There were three options for where to put this function:

1. A free function in LinearQuadraticRegulator.h. Returning a K matrix
   means the user can't use the LinearQuadraticRegulator in a loop
   anymore.
2. A default argument added to ctors in LinearQuadraticRegulator for a
   time delay (default of 0). This has the smallest API footprint from
   the user perspective, but it bloats the already substantial
   constructor overload set of LinearQuadraticRegulator.
3. A member function in LinearQuadraticRegulator that modifies the
   internal K. This would still have to take in a LinearSystem or (A, B)
   pair because the ctor doesn't store it. Storing it internally feels
   like paying for what we don't use most of the time.

I went with option 3.

I verified the tests's expected values in Python with
scipy.linalg.fractional_matrix_power().

Closes #2877.

wpimath/src/main/native/include/frc/controller/LinearQuadraticRegulator.h

@@ -11,11 +11,16 @@
 
 #include "Eigen/Core"
 #include "Eigen/src/Cholesky/LLT.h"
+#include "Eigen/src/Eigenvalues/ComplexSchur.h"
+#include "Eigen/src/LU/Determinant.h"
+#include "Eigen/src/LU/InverseImpl.h"
 #include "drake/math/discrete_algebraic_riccati_equation.h"
 #include "frc/StateSpaceUtil.h"
 #include "frc/system/Discretization.h"
 #include "frc/system/LinearSystem.h"
 #include "units/time.h"
+#include "unsupported/Eigen/src/MatrixFunctions/MatrixPower.h"
+#include "unsupported/Eigen/src/MatrixFunctions/MatrixSquareRoot.h"
 
 namespace frc {
 namespace detail {
@@ -172,6 +177,31 @@ class LinearQuadraticRegulatorImpl {
     return Calculate(x);
   }
 
+  /**
+   * Adjusts LQR controller gain to compensate for a pure time delay in the
+   * input.
+   *
+   * Linear-Quadratic regulator controller gains tend to be aggressive.
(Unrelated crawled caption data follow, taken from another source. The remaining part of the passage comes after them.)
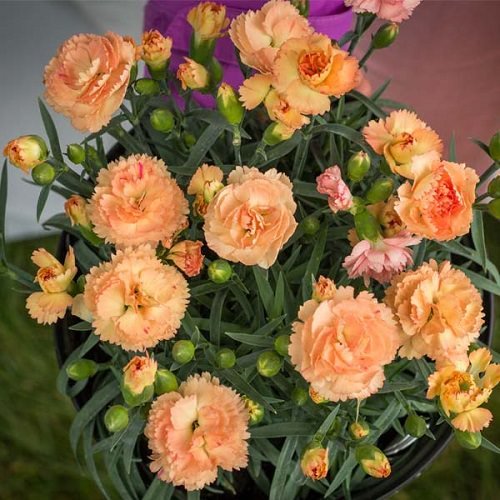 Types of Orange Flowers - Carnation Chabaud Orange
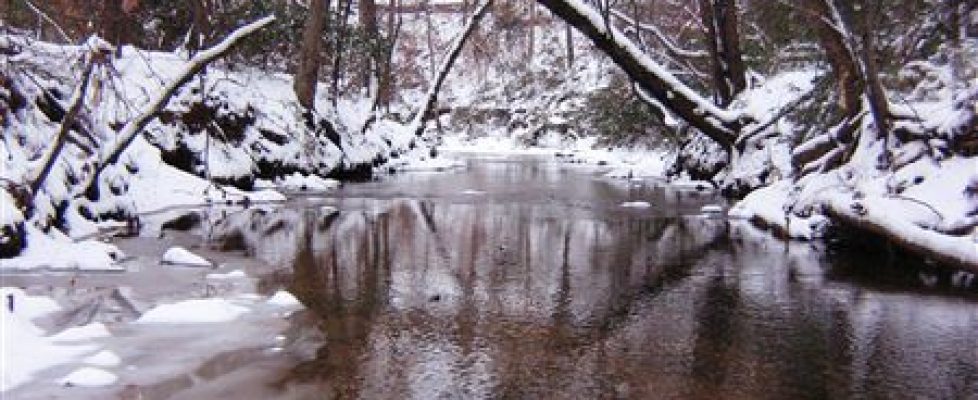 Nancy Creek snow 4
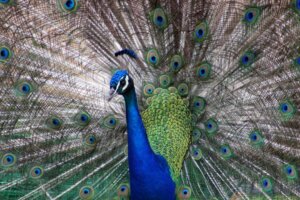 Why Are Some Animals Iridescent?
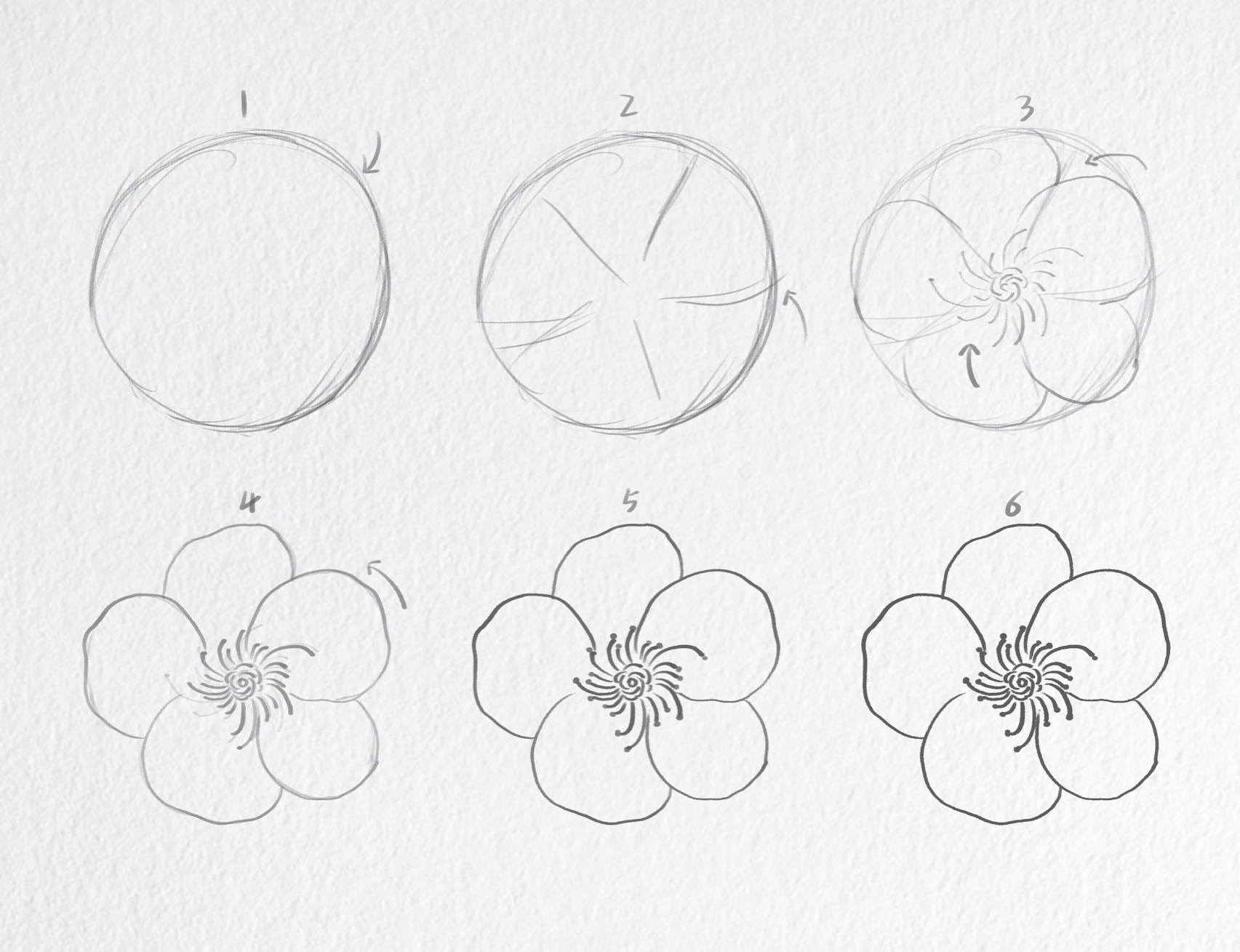小白都不想看的吧|简笔画教程•梅花| 一树寒梅白玉条,迥临村路傍溪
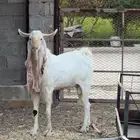 فحل هولندي ابرص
If
+   * sensor measurements are time-delayed too long, the LQR may be unstable.
+   * However, if we know the amount of delay, we can compute the control based
+   * on where the system will be after the time delay.
+   *
+   * See https://file.tavsys.net/control/controls-engineering-in-frc.pdf
+   * appendix C.4 for a derivation.
+   *
+   * @param plant      The plant being controlled.
+   * @param dt         Discretization timestep.
+   * @param inputDelay Input time delay.
+   */
+  template <int Outputs>
+  void LatencyCompensate(const LinearSystem<States, Inputs, Outputs>& plant,
+                         units::second_t dt, units::second_t inputDelay) {
+    Eigen::Matrix<double, States, States> discA;
+    Eigen::Matrix<double, States, Inputs> discB;
+    DiscretizeAB<States, Inputs>(plant.A(), plant.B(), dt, &discA, &discB);
+    m_K = m_K * (discA - discB * m_K).pow(inputDelay / dt);
+  }
+
  private:
   // Current reference
   Eigen::Matrix<double, States, 1> m_r;
@@ -192,7 +222,7 @@ class LinearQuadraticRegulator
   /**
    * Constructs a controller with the given coefficients and plant.
    *
-   * @param system The plant being controlled.
+   * @param plant  The plant being controlled.
    * @param Qelems The maximum desired error tolerance for each state.
    * @param Relems The maximum desired control effort for each input.
    * @param dt     Discretization timestep.